Personal details
- Born: 2 January 1918 Mudgee, New South Wales
- Died: 1 April 1999 (aged 81) Windsor, New South Wales
- Party: Liberal Party

= Bernie Deane =

Australian politician

Bernard Sydney Llewellyn Deane (2 January 1918 – 1 April 1999) was an Australian politician. He was a member of the New South Wales Legislative Assembly from 1950 until 1972. He was a member of the Liberal Party.

Deane was born in Mudgee, New South Wales. He was the son of a coach builder and was educated to intermediate level at state high schools. He also studied for a religious ministry and was awarded doctorates in theology and philosophy. Deane initially worked as a farmer but was also employed in public relations and as the executive director of the Australian Clay Products Association.
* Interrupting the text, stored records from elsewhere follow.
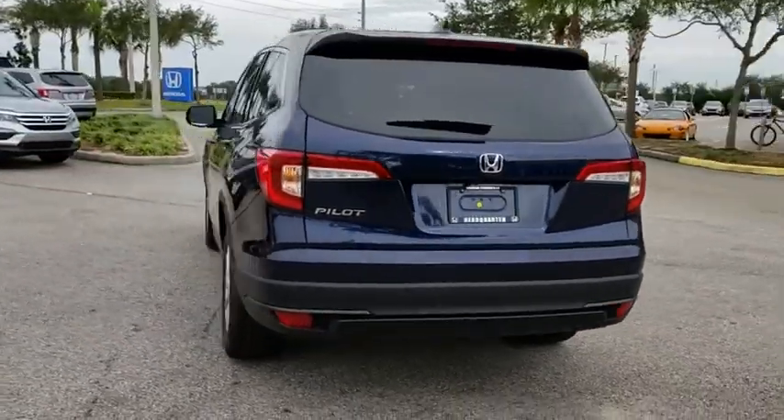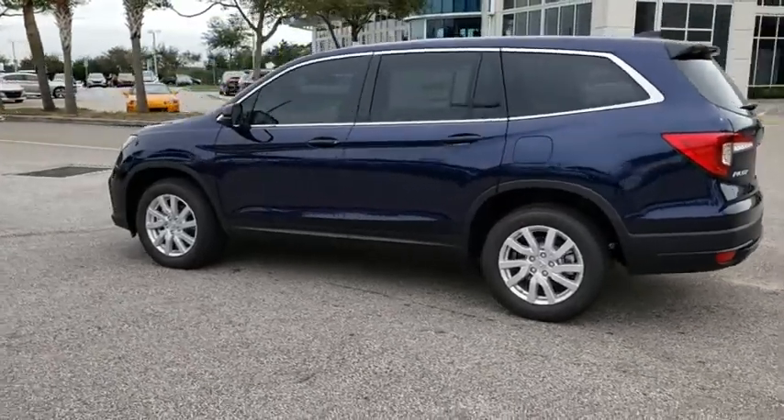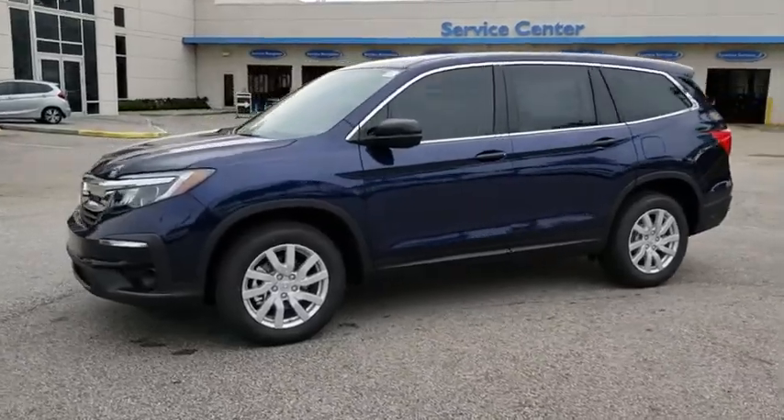Here are some of this vehicle's great options. Stability control. Traction control. Steering wheel audio controls. Anti-lock braking system. Lane departure warning. Keyless entry. Backup camera.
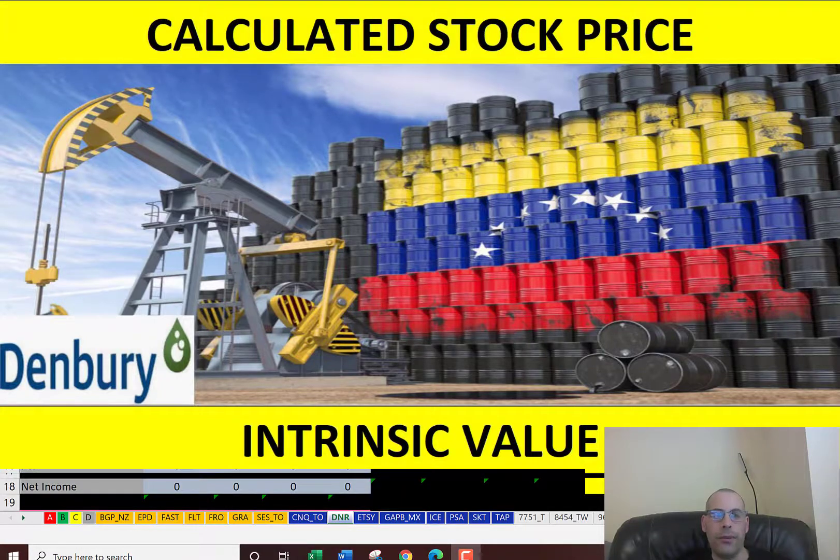In this video, we're going to look at Denberry Resources. This is an oil and gas company located in Plano, Texas. What I do in my videos is I run my discounted cash flow model to see if I can figure out the true value of a company's stock. I also look at the financial ratios of the company and compare them with their competitors. So let's get started with the model.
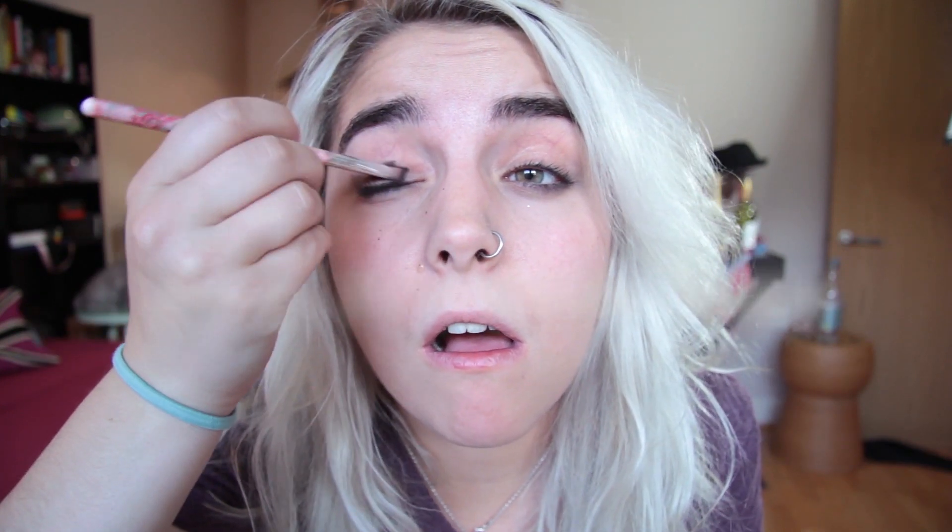One useful tip: if you need to reduce the look of bags on your eyes and bring attention away from the emotional baggage you bring to every relationship, make everything above them much darker.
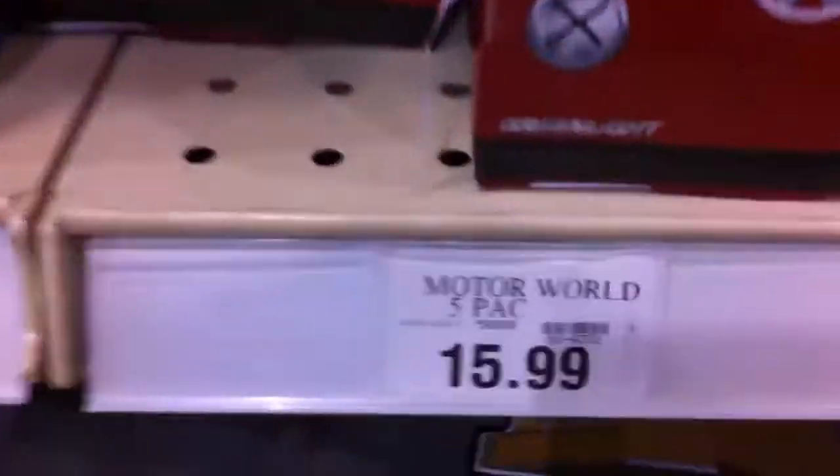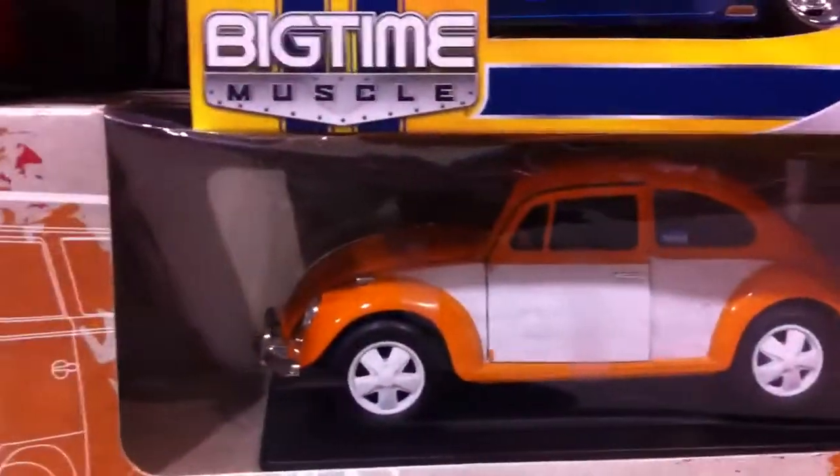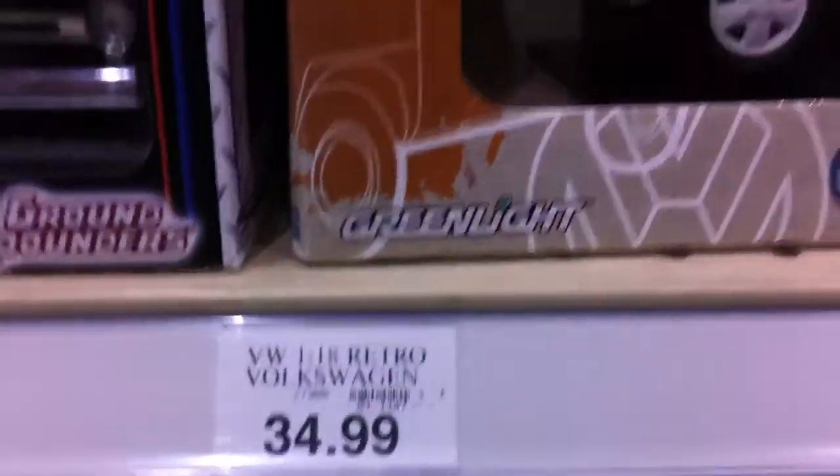These are the Road Racer — kind of cool looking. If you're wondering how much they are, $15.99 — a little bit too much for me. Also right here we got a 1/18th scale orange beetle with white rims, $34.99.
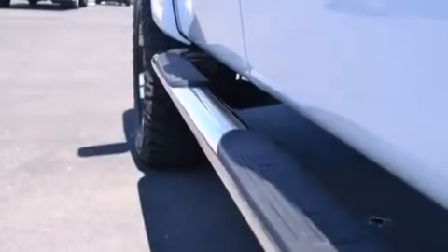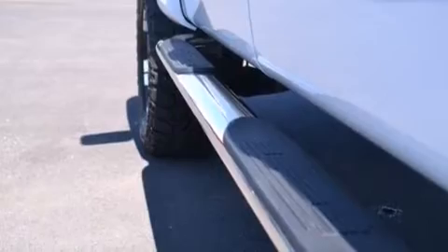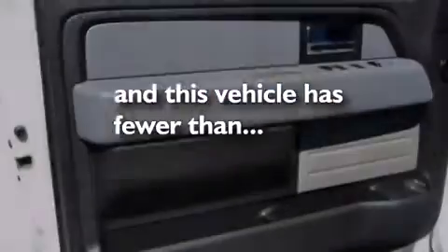Air conditioning, a pass-through rear seat, cruise control, full-power accessories — and this vehicle has less than 2,000 miles.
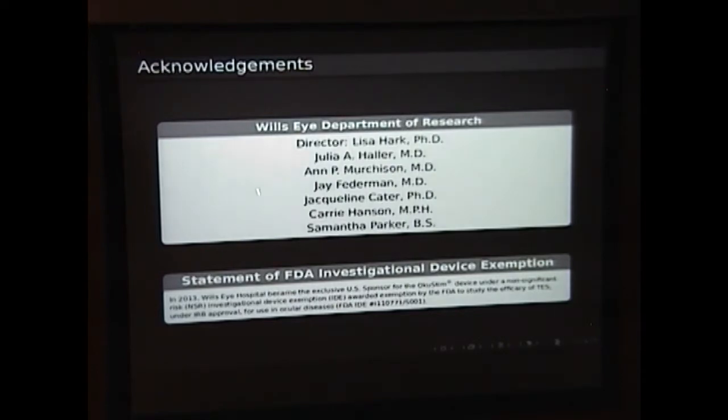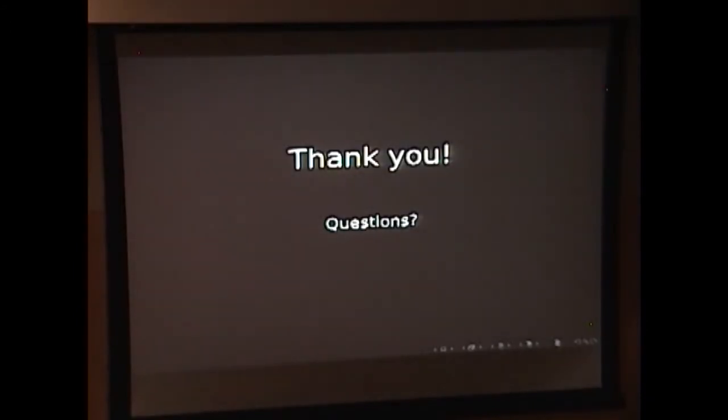I'd just like to acknowledge the group that I worked with at Wills and thank you for your time. Any questions?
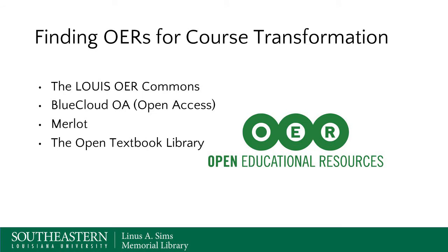So how do you find OERs for course transformation? There's a really good site that was just created: the Lewis OER Commons, which Andrea will be demonstrating briefly. There's also BlueCloud Open Access, a repository we're implementing here at the library. Then there's Merlot, probably the most well-known OER repository, created back in 1997 at the California State University System, with many universities nationally now involved in that partnership. And also the Open Textbook Library, which Angela will be showing you.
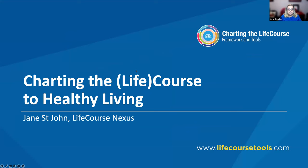Hello everyone. I'm really excited to be here with you today and share a little bit about charting the life course to healthy living.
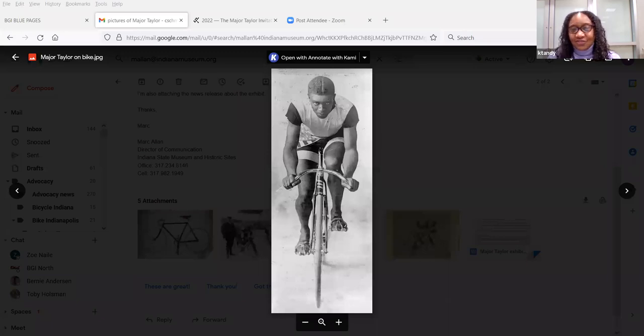In addition, there is a set of postcards that are wonderful to read. Major would send postcards to his wife and daughter — he married Daisy Victoria Morris in 1902 and had his daughter Rita Sidney Taylor in 1904. Taylor was a remarkable athlete, but also a devoted husband and devoted father. The love he had for his wife and daughter comes through these postcards, where he would send wonderful little notes asking how they were doing and sharing happy greetings when they could not travel with him.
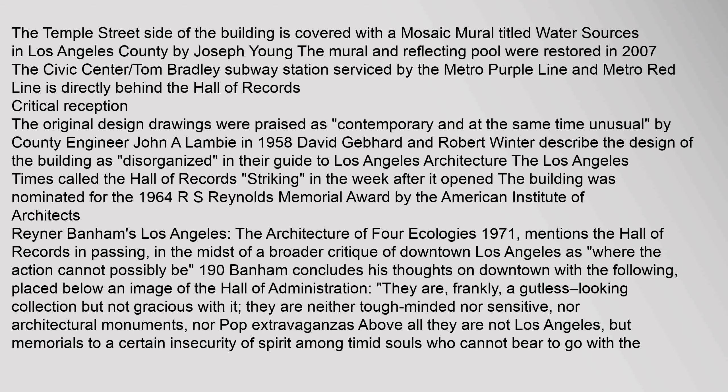The original design drawings were praised as 'contemporary and at the same time unusual' by county engineer John A. Lambie. In 1958, David Gebhardt and Robert Winter described the design as 'disorganized' in their guide to Los Angeles architecture. The Los Angeles Times called the Hall of Records 'striking' in the week after it opened. The building was nominated for the 1964 RS Reynolds Memorial Award by the American Institute of Architects. Reyner Banham's 'Los Angeles: The Architecture of Four Ecologies' (1971) mentions the Hall of Records in passing, in the midst of a broader critique of downtown Los Angeles as 'where the action cannot possibly be.'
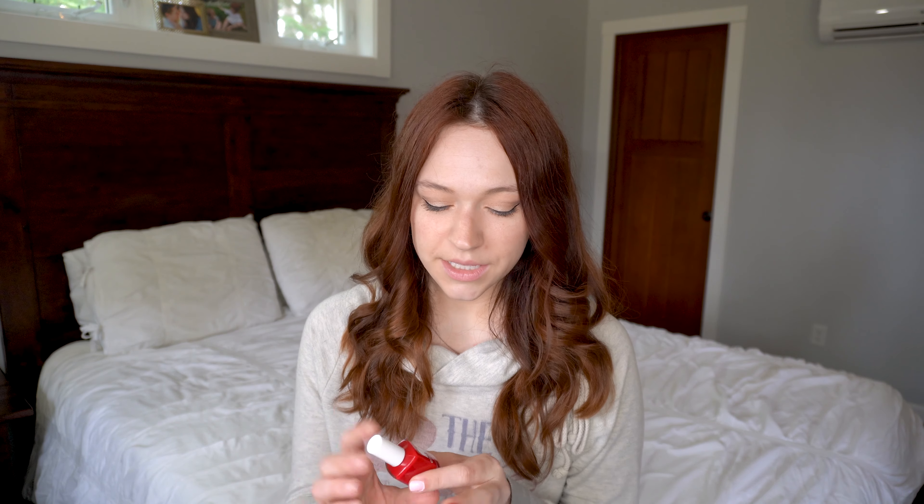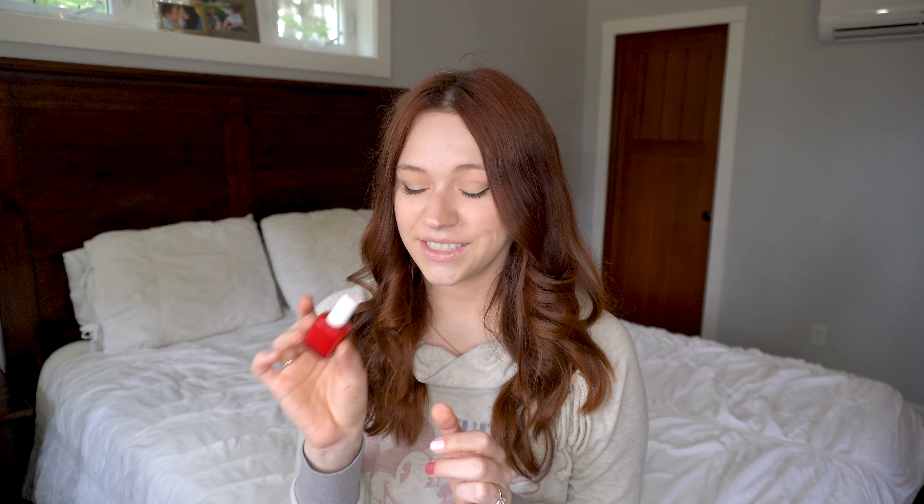I also wanted to share a classic red, because I don't think you can have a nail polish collection without one of those timeless reds. This is Unwrap Me from the dream collection — it's from a Christmas collection, and it's the one on my pinky right here. I love this for Christmastime, but I also really like it in the summer on my toes. I like to go for lighter, bright colors on my nails in summer, but this is perfect for the toes.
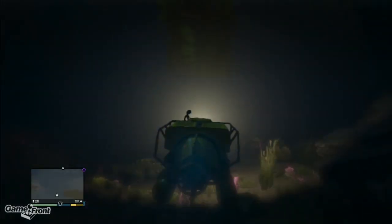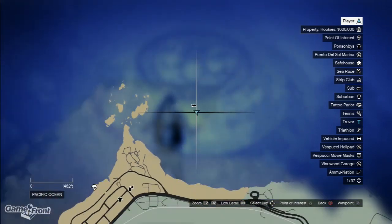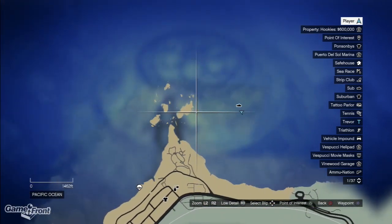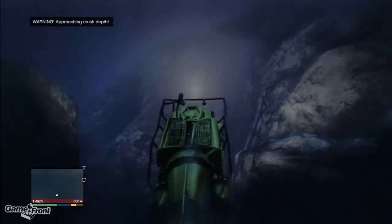Once you've got your sub, make the long journey all the way to this location in the northern part of the Pacific Ocean. The UFO itself is at a depth of about 390 feet. Don't go too deep while searching for it, or it'll get crushed by the pressure.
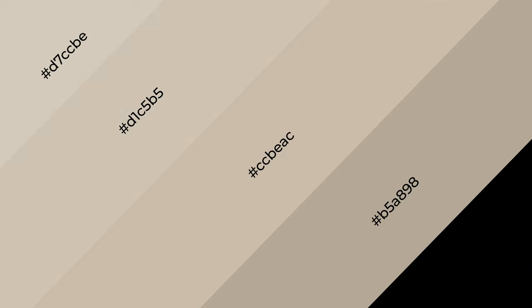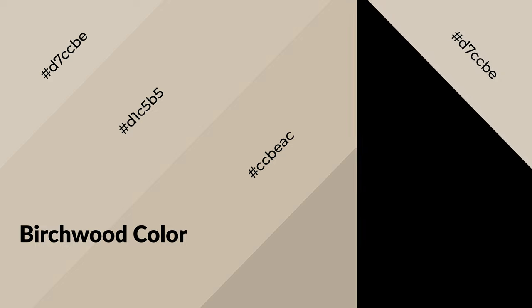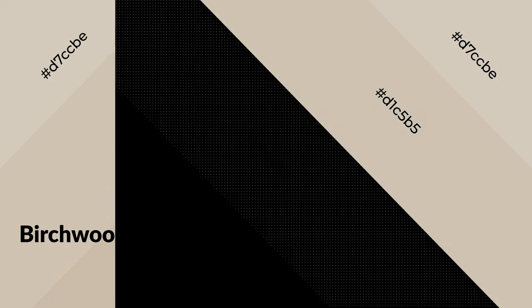Shades are used in patterns, 3D effects, and layers, and they create depth and drama. Birchwood is a warm color and it emits a cozier and active emotion. Warm colors are symbols of warmth, fire, heat, and sunshine.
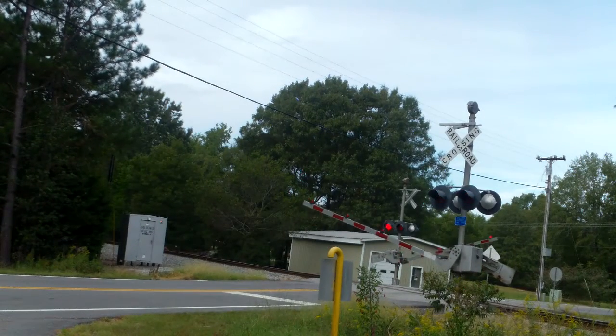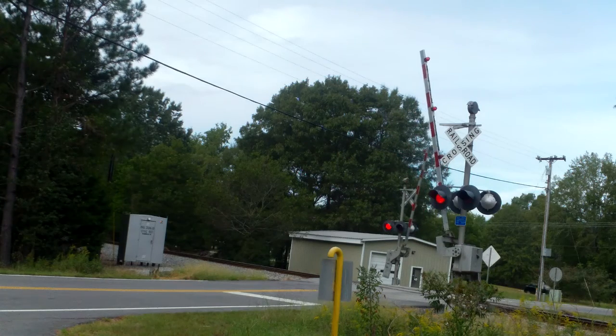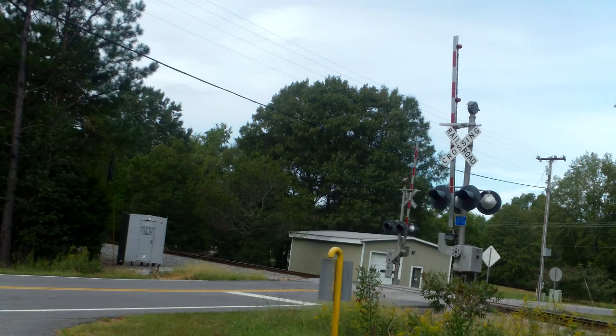And that was CSX Local Train F761 heading southbound on the CSX Monroe Subdivision. Thank y'all very much for watching, God bless.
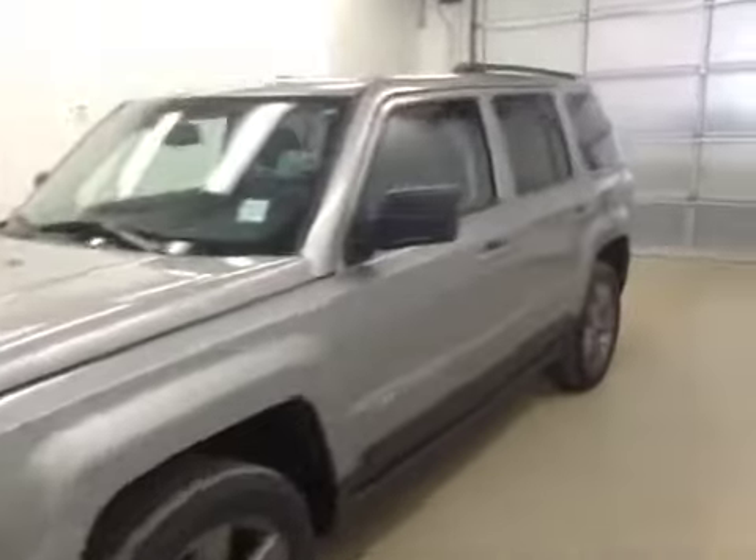This is stock number A5691, a 2015 Jeep Patriot Sport. Exterior colour is billet silver.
He unsuccessfully contested the seat of Hawkesbury at the 1947 state election and was subsequently elected to the New South Wales Parliament as the Liberal member for that seat at the election in 1950. At that election, following a re-distribution, Hawkebury had become a safe Liberal seat and the sitting member, Labor's Frank Finnan, decided to contest the safe Labor seat of Darlinghurst. Deane retained the seat at 7 subsequent elections until he resigned in 1972. He did not hold ministerial, parliamentary or party office.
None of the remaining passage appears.